• TASK TO CARRY OUT
Set down exactly the lines running from the one with "(Audio)Time is of" to the last line of the listing below, both included, and skip every picture.
::::::
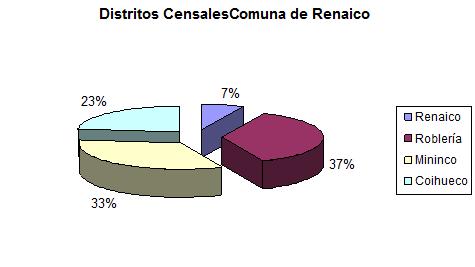 Gráficamente Renaico Censo 92 Censo 2002 Distrito Km2 Población Población Crecimiento Renaico 18,8 5.405 5.680 5% Roblería 97,2 1.075 754-29% Mininco 89 2.260 2.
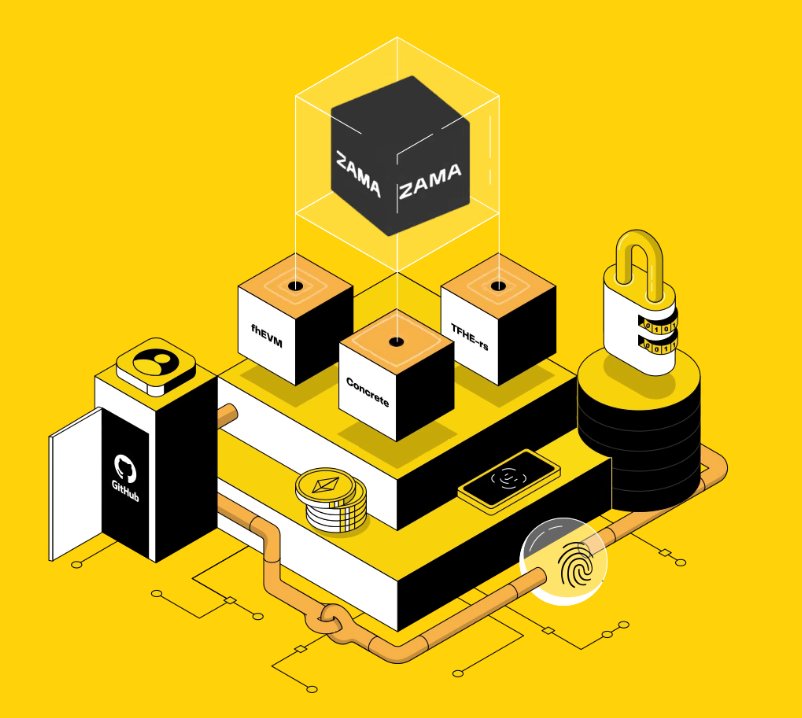 Masoud03712905's tweet image. used. 🔐 With @zama_fhe, Fully Homomorphic Encryption makes that possible: encrypted data can be processed without ever being exposed. From AI to blockchain, privacy becomes a foundation, not an afterthought. #FHE #PrivacyTech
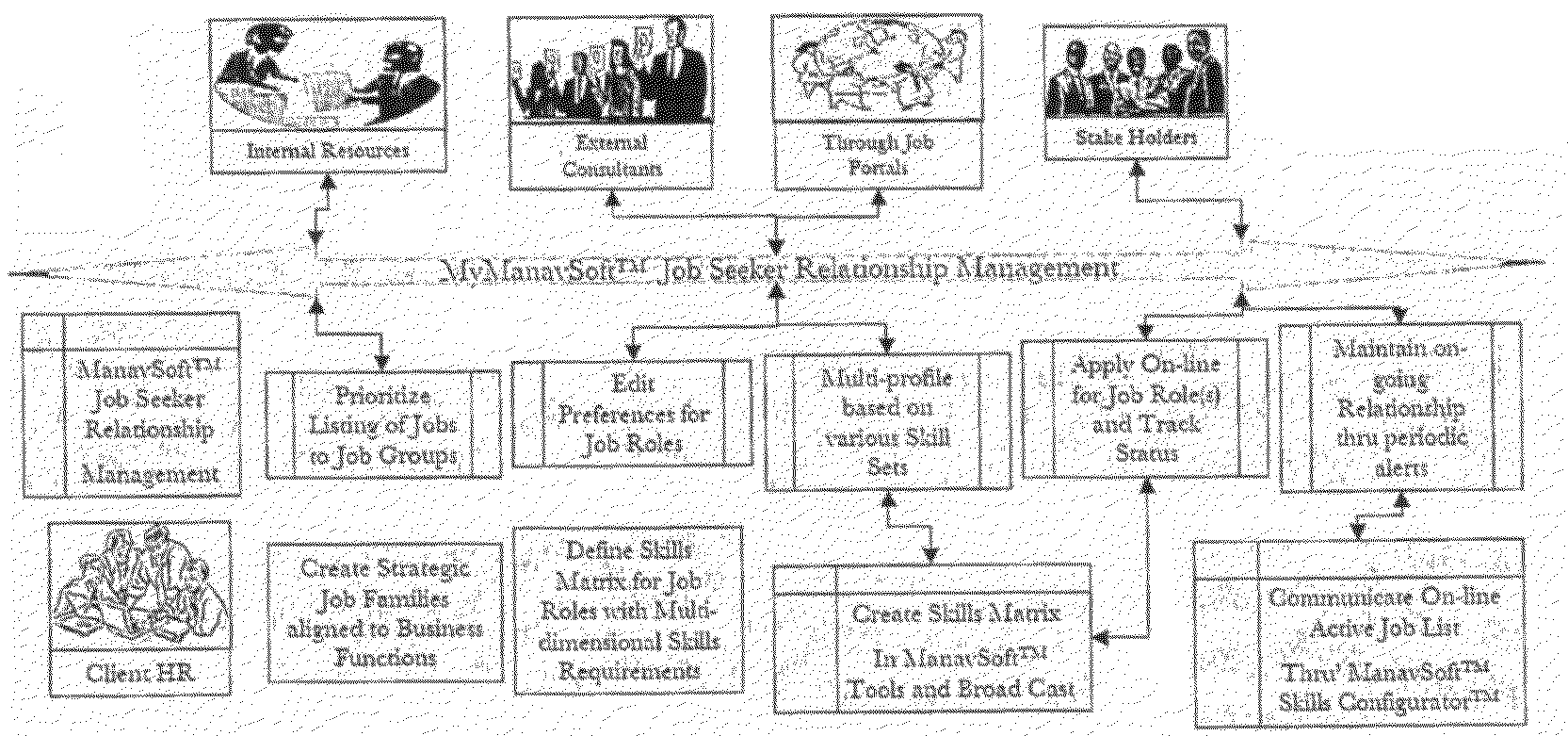 Web Enabled Method for Managing Life Cycle of Human Capital Related Dynamic Requirement of Organization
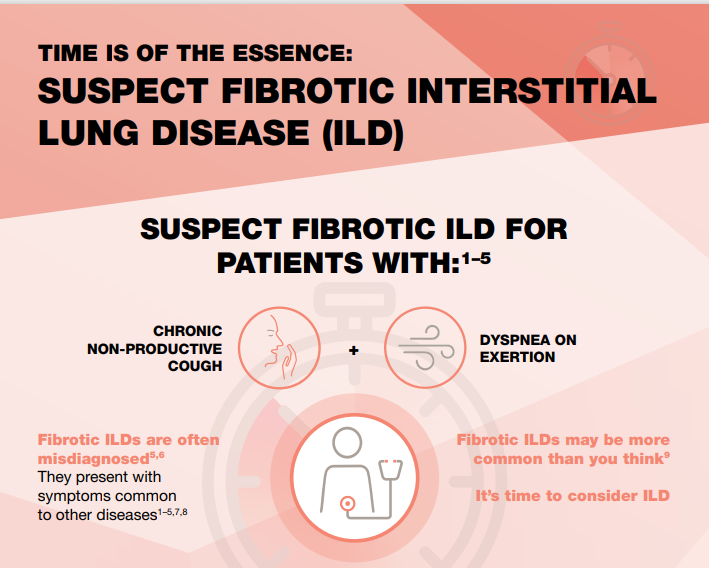 (Audio)Time is of the essence Suspect fibrotic interstitial lung disease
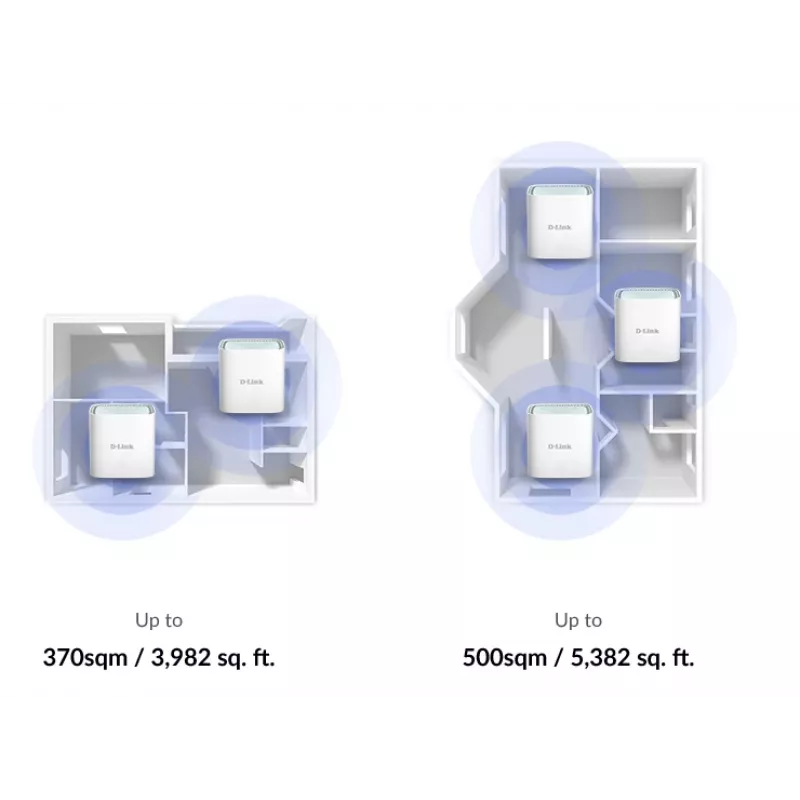 Võrgusilmasüsteem D-Link EAGLE PRO AI AX1500 kaheribaline Wi-Fi 6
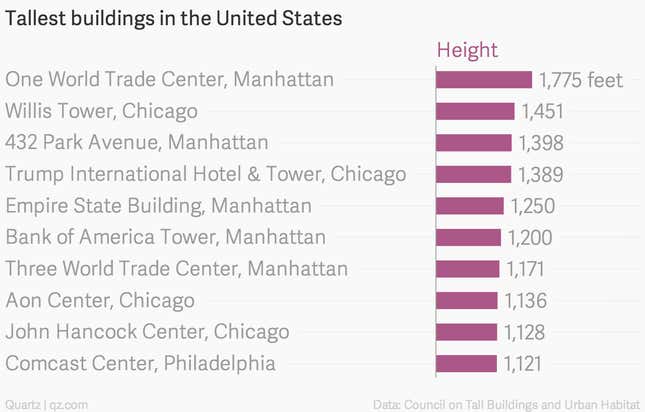 Image for article titled What it’s like to live above Manhattan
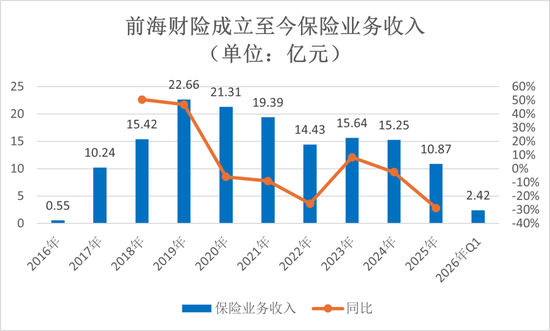 钜盛华20%股权三度开拍：宝能系退场倒计时，前海财险破局仍待闯关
::::::
• RESPONSE AREA
 (Audio)Time is of the essence Suspect fibrotic interstitial lung disease
 Võrgusilmasüsteem D-Link EAGLE PRO AI AX1500 kaheribaline Wi-Fi 6
 Image for article titled What it’s like to live above Manhattan
 钜盛华20%股权三度开拍：宝能系退场倒计时，前海财险破局仍待闯关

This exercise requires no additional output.